2. On August 27, 2009, the County published a solicitation for conceptual phase proposals under the Public-Private Education Facilities and Infrastructure Act of 2002 (Title 56, Chapter 22.1 of the Code of Virginia of 1950 as amended (the “Code”), and such chapter hereinafter referred to as the “PPEA”) for certain site development work associated with development of an industrial park, including compensatory mitigation in the form of forested and emergent wetlands and relocated/restored stream, and development, financing, construction and sponsorship of a wetland and stream mitigation bank (as more fully described hereinafter, the “Project”).
3. On or about September 25, 2009, the County received one response to the solicitation described in Recital 2, from the Developer.
4. On September 28, 2009, the Board of Supervisors adopted a resolution which, among other things, accepted the conceptual phase proposal of the Developer and made findings that it would be advantageous for the County to proceed with the Project using procedures for competitive negotiation, rather than sealed, competitive bids, given the probable scope, complexity and urgency of the Project; the merits of risk-sharing and the potential for added value; and the economic benefit from the Project that might otherwise not be available.
5. After reviewing the Developer’s conceptual phase proposal and, in the absence of any competing proposals, by resolution adopted on October 26, 2009, the County selected the Developer to advance to the detailed review phase in accordance with the Implementing Procedures, retaining the right to reject said proposal at any time for any reason.
6. After reviewing the detailed phase proposal dated November 19, 2009 as submitted by the Developer, by resolution dated November 23, 2009, the County selected the Developer for negotiation of a comprehensive agreement under the PPEA for the Project based upon the conceptual phase proposal and the detailed phase proposal submitted by the Developer and upon the County’s evaluations of those proposals.
7. The Parties have negotiated this Agreement consistent with the PPEA, other applicable law, the Implementing Procedures, the proposals and discussions between representatives of the County and Developer.
8. Having considered this Agreement and other information, the County has determined that the Project to be developed, constructed and operated pursuant to this Agreement serves the public purpose of the PPEA under the criteria of Section56-575.4(C) of the Code.
[agreement continues on following page]
Agreements
NOW THEREFORE, for and in consideration of the mutual promises, conditions and covenants herein set forth, the Parties agree as follows:
1. Incorporation of Recitals.
The foregoing recitals are true and correct and are incorporated herein by reference.
2. Contract Documents.
The Contract Documents are comprised of the following:
a.
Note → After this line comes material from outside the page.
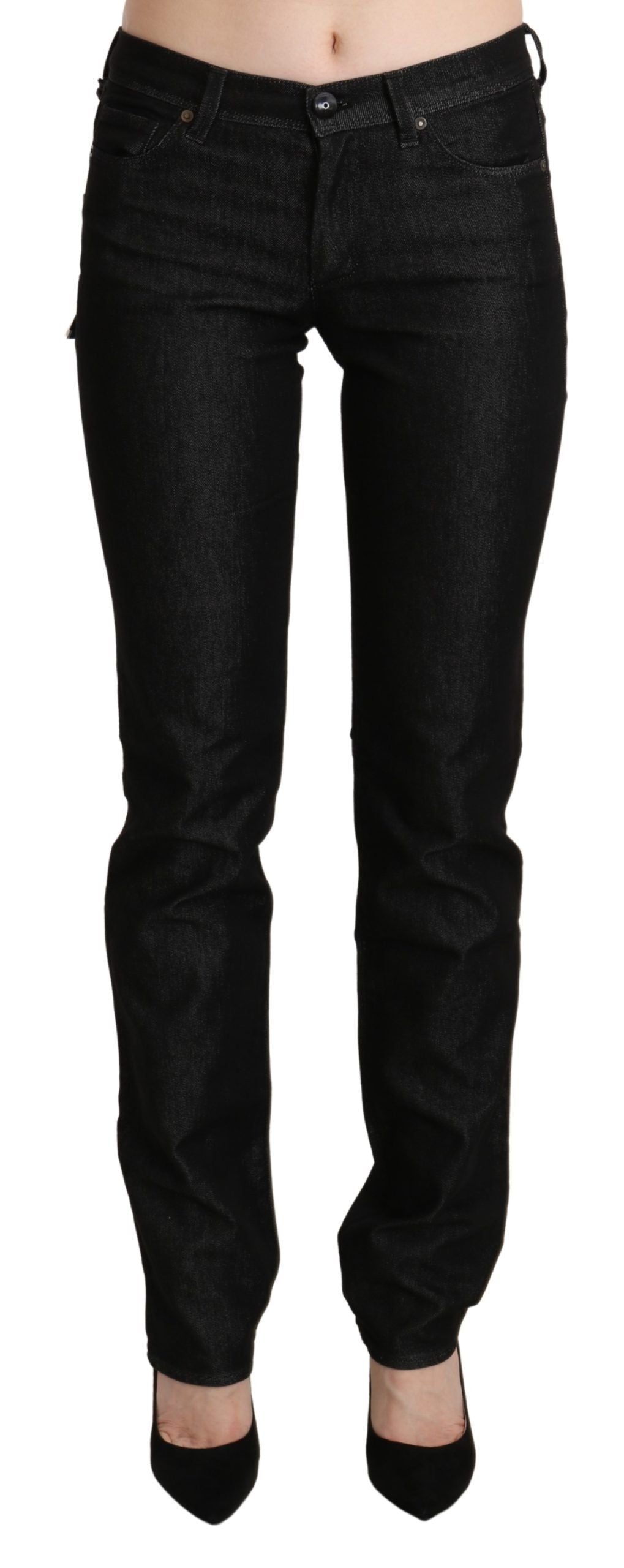 Ermanno Scervino Schicke schwarze Skinny Jeans mit mittlerer Taille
All written modifications, amendments and change orders to this Agreement; and
b. This Agreement, including all exhibits and attachments hereto.
3. Definitions.
The following definitions apply to this Agreement.
a. “Cheroenhaka Construction Documents” means the sealed plans and specifications prepared by Timmons Group, approved by the County and transferred to the Developer, which the Developer has reviewed and determined to be reasonably suitable for use to develop, construct and operate the Cheroenhaka Wetland and Stream Mitigation Bank, as more particularly listed and described in Exhibit D, attached hereto and incorporated herein.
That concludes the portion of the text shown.